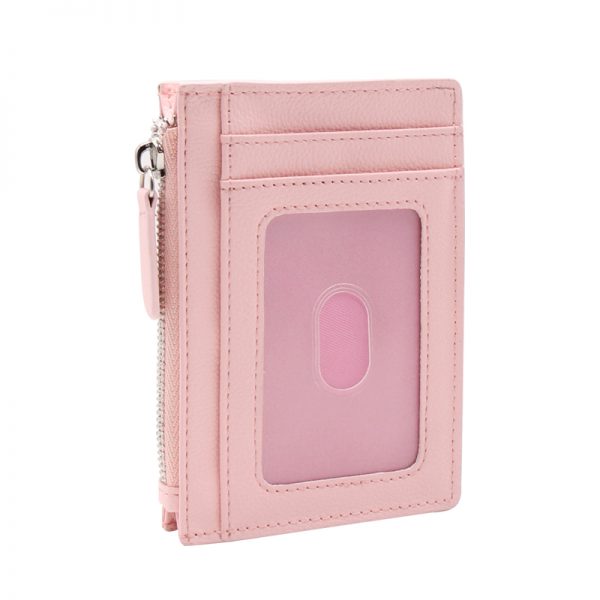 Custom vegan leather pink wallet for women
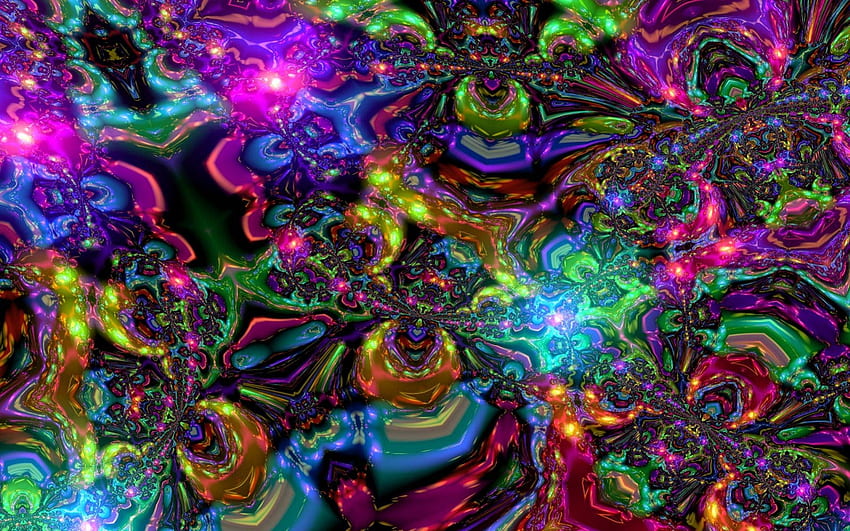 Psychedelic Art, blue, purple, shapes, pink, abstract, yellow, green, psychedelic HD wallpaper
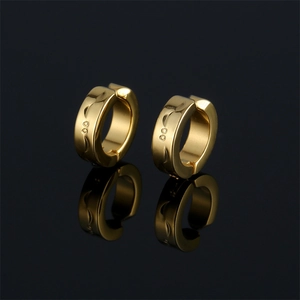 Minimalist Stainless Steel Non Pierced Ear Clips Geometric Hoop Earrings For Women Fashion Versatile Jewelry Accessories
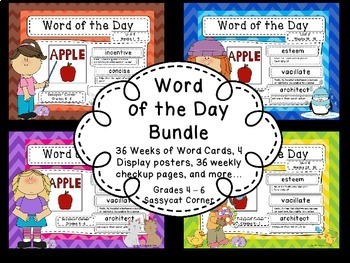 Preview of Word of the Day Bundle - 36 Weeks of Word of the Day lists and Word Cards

- Work required: Quote the data above in full, leaving out the pictures it holds.

- Solution to this problem:
 Custom vegan leather pink wallet for women
 Psychedelic Art, blue, purple, shapes, pink, abstract, yellow, green, psychedelic HD wallpaper
 Minimalist Stainless Steel Non Pierced Ear Clips Geometric Hoop Earrings For Women Fashion Versatile Jewelry Accessories
 Preview of Word of the Day Bundle - 36 Weeks of Word of the Day lists and Word Cards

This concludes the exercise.